───── Records to use ─────

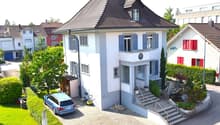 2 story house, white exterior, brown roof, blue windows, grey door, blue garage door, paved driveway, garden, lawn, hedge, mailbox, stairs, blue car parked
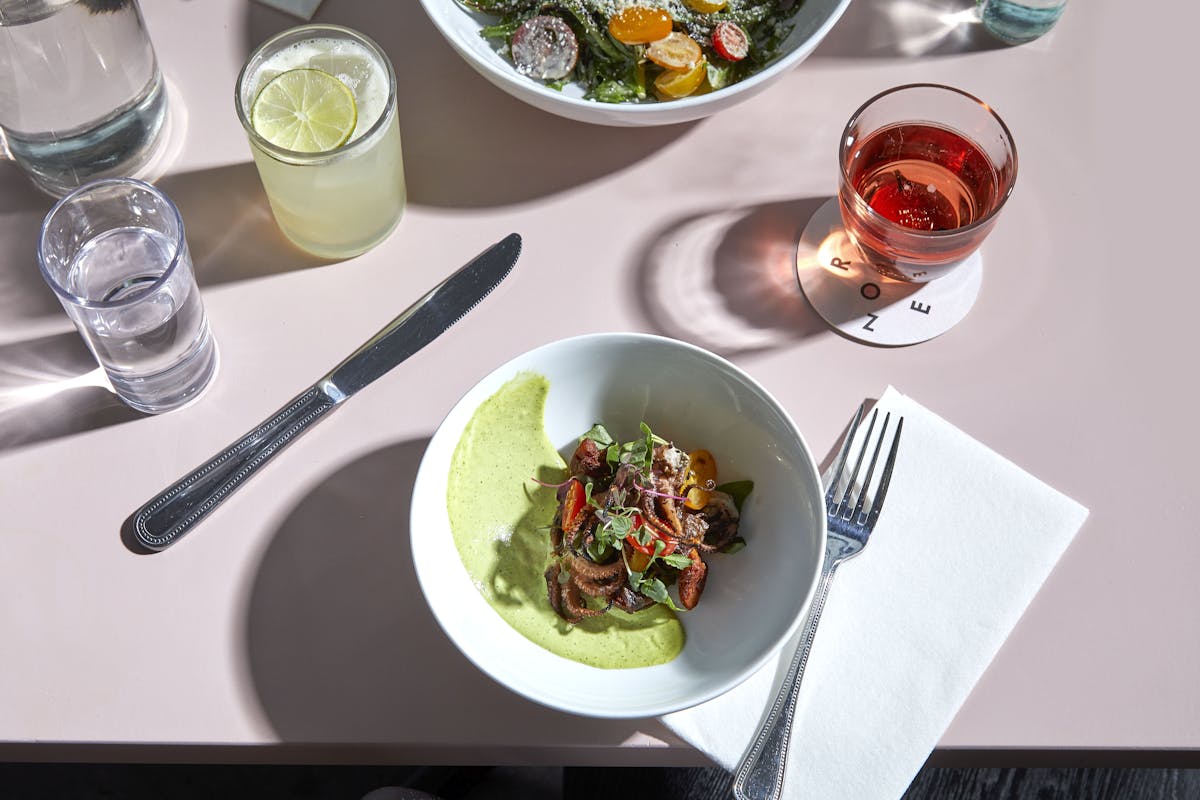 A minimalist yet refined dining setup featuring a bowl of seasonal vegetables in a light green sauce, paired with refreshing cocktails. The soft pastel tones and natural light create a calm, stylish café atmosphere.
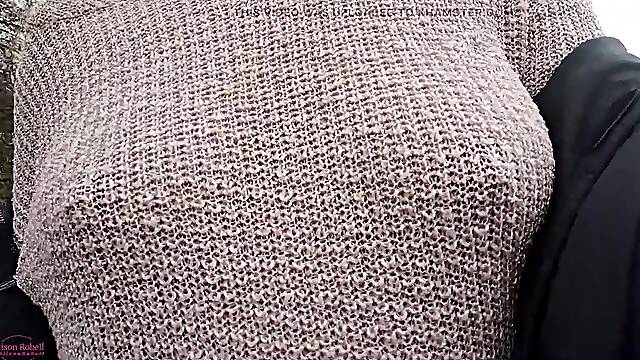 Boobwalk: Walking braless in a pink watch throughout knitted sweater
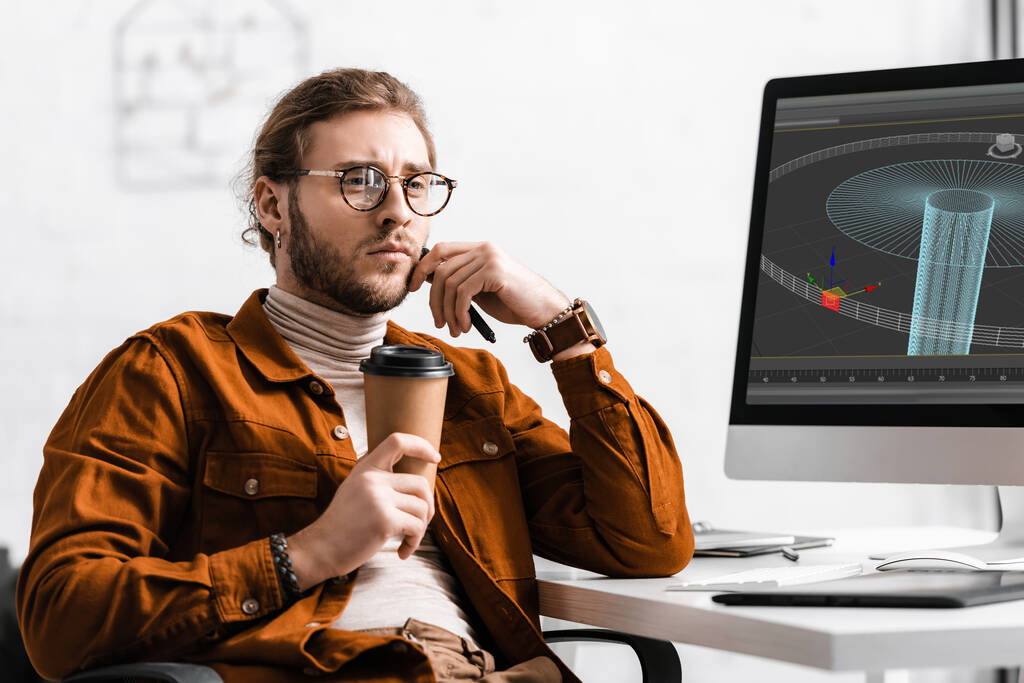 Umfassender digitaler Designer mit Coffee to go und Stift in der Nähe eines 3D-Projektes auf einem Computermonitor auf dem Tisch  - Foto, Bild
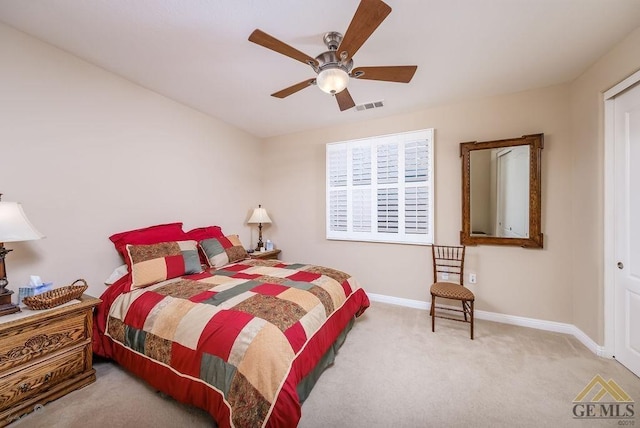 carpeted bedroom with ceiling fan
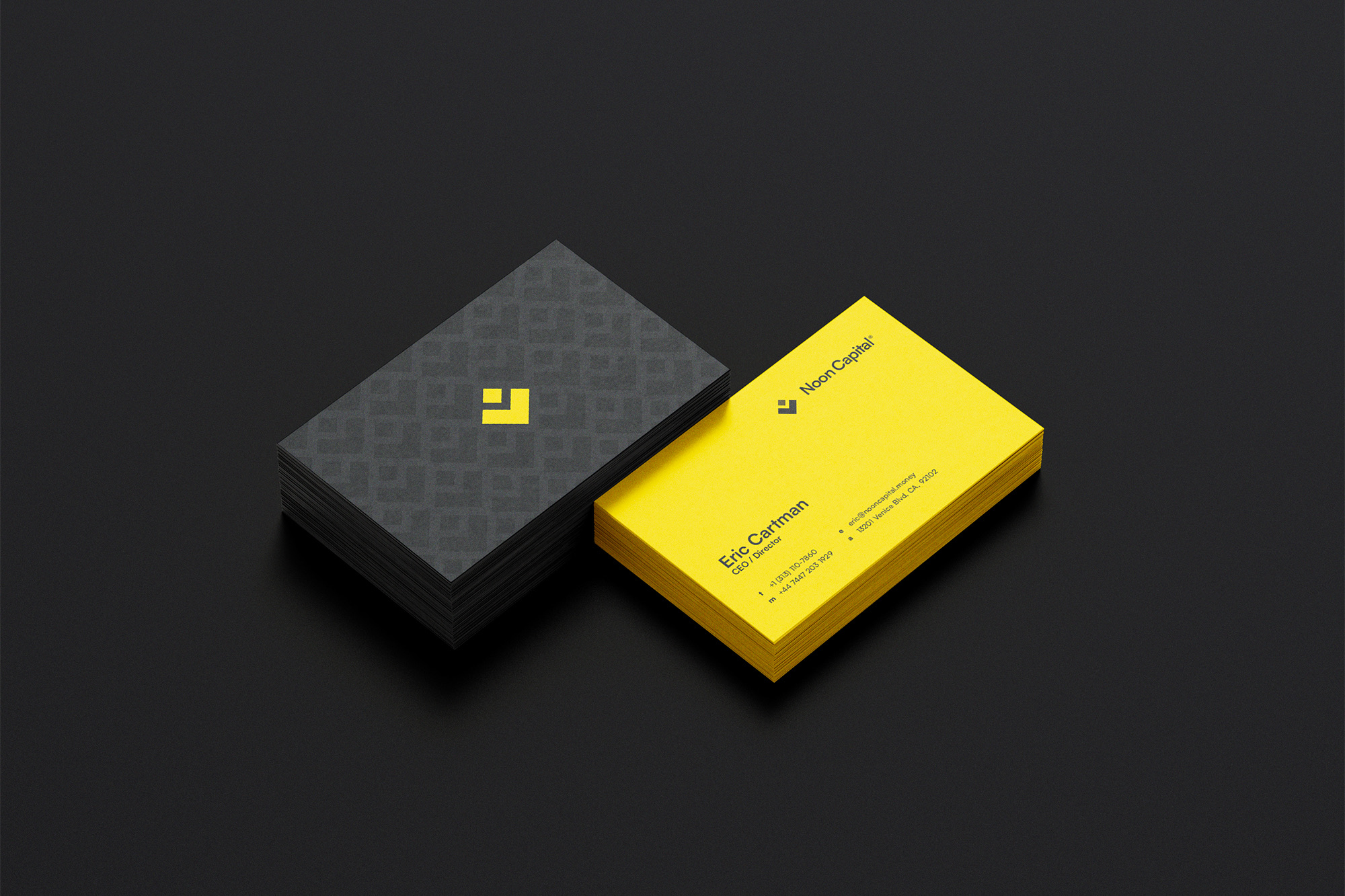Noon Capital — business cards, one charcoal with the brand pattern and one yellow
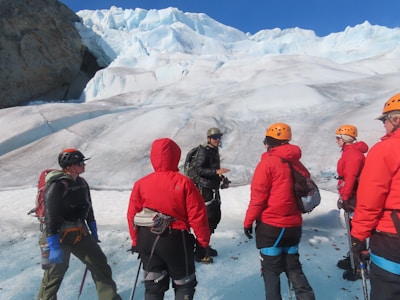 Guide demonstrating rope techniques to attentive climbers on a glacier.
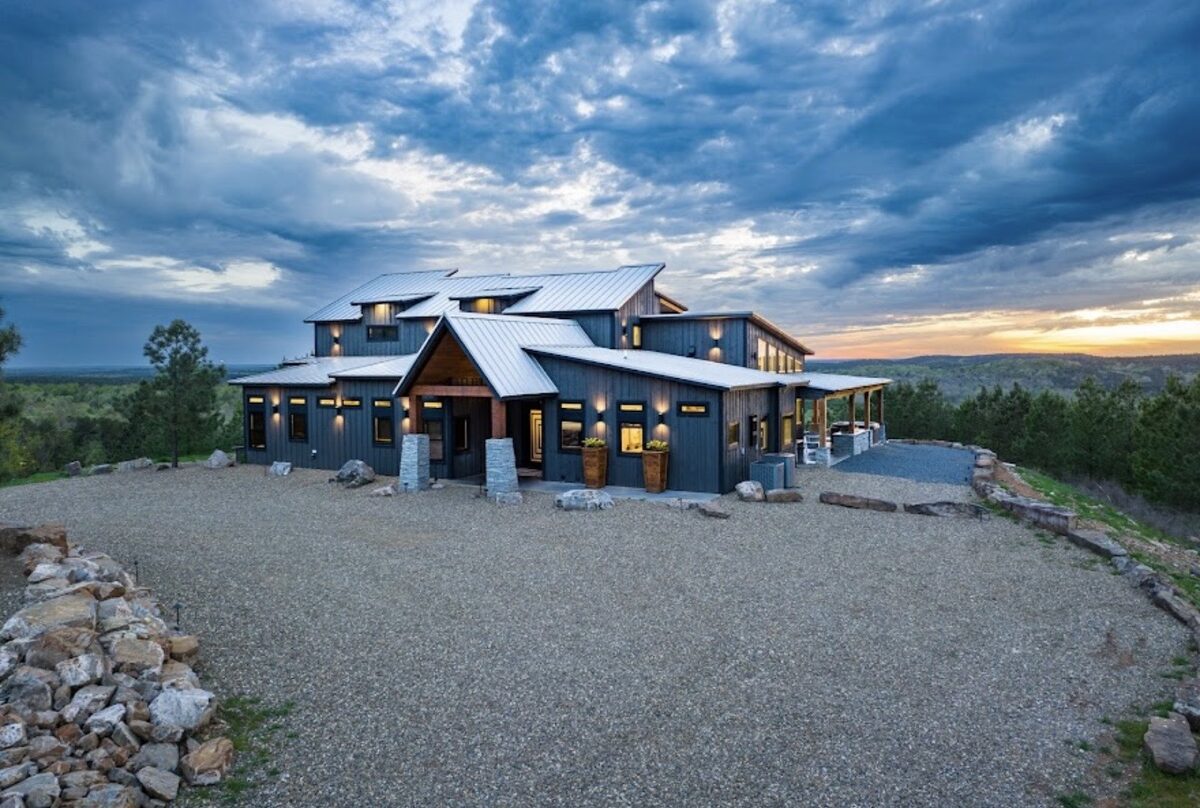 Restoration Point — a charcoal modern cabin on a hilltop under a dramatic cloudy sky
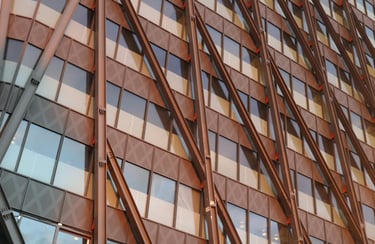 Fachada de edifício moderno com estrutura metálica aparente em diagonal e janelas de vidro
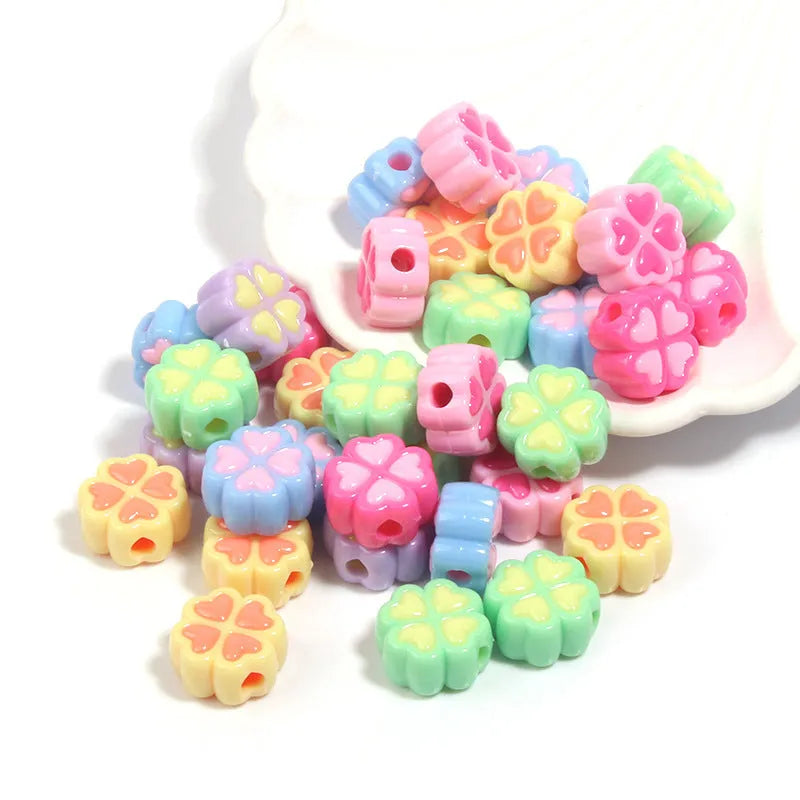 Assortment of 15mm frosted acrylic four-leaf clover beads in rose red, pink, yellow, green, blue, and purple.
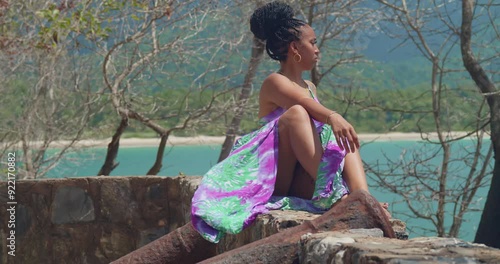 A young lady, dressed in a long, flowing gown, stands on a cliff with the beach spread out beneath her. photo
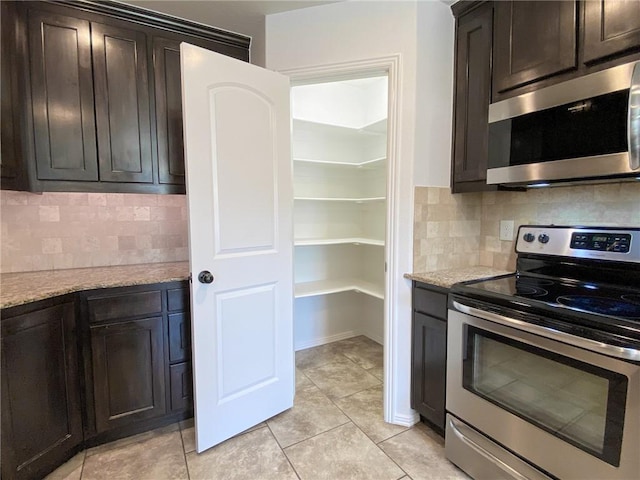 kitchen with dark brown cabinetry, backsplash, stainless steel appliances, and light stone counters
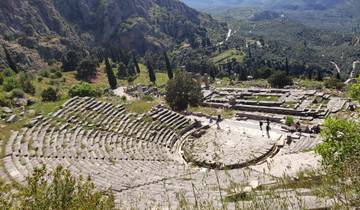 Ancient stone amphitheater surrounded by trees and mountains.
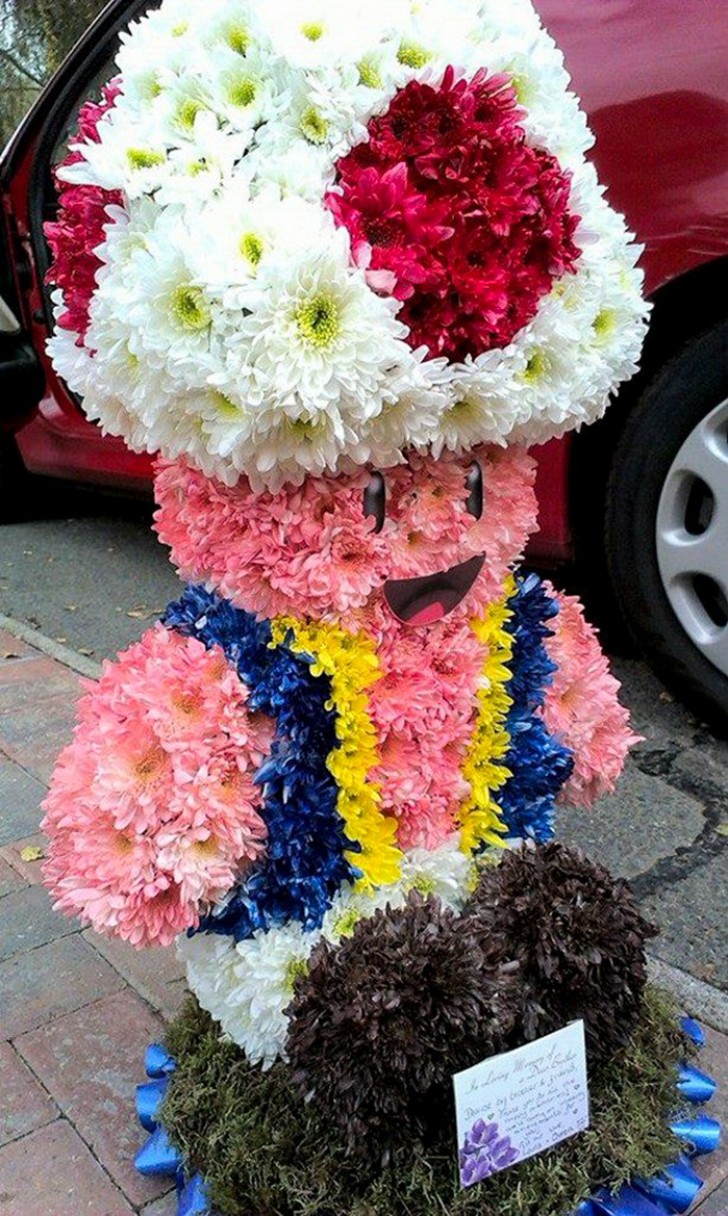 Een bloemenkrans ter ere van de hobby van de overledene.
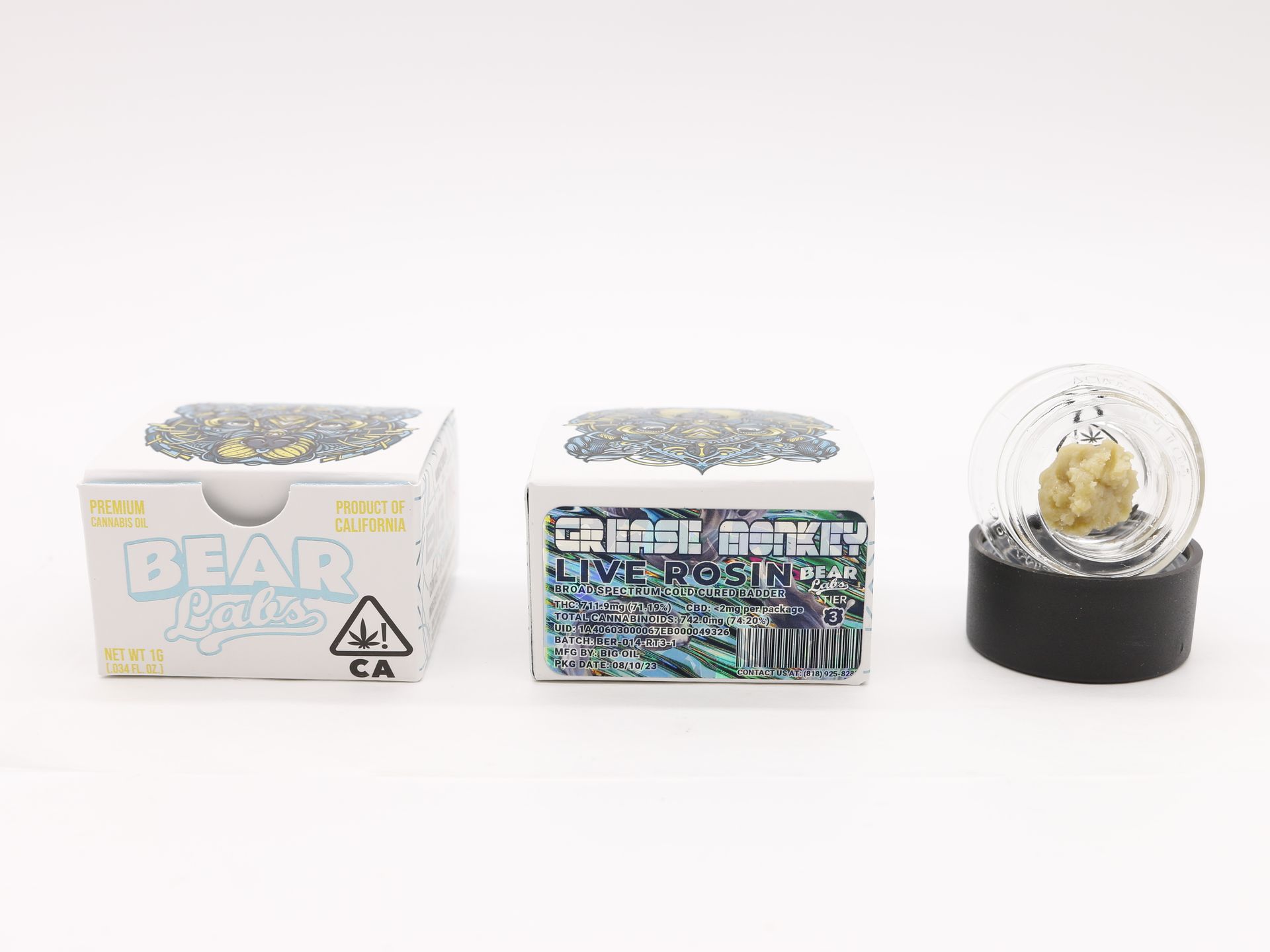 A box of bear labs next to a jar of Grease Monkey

─────

- **Exercise**
Only the lines from the line holding "A minimalist yet" through the last line above belong in the answer, repeated exactly; the pictures do not.

- **Answer to this exercise**
 A minimalist yet refined dining setup featuring a bowl of seasonal vegetables in a light green sauce, paired with refreshing cocktails. The soft pastel tones and natural light create a calm, stylish café atmosphere.
 Boobwalk: Walking braless in a pink watch throughout knitted sweater
 Umfassender digitaler Designer mit Coffee to go und Stift in der Nähe eines 3D-Projektes auf einem Computermonitor auf dem Tisch  - Foto, Bild
 carpeted bedroom with ceiling fan
Noon Capital — business cards, one charcoal with the brand pattern and one yellow
 Guide demonstrating rope techniques to attentive climbers on a glacier.
 Restoration Point — a charcoal modern cabin on a hilltop under a dramatic cloudy sky
 Fachada de edifício moderno com estrutura metálica aparente em diagonal e janelas de vidro
 Assortment of 15mm frosted acrylic four-leaf clover beads in rose red, pink, yellow, green, blue, and purple.
 A young lady, dressed in a long, flowing gown, stands on a cliff with the beach spread out beneath her. photo
 kitchen with dark brown cabinetry, backsplash, stainless steel appliances, and light stone counters
 Ancient stone amphitheater surrounded by trees and mountains.
 Een bloemenkrans ter ere van de hobby van de overledene.
 A box of bear labs next to a jar of Grease Monkey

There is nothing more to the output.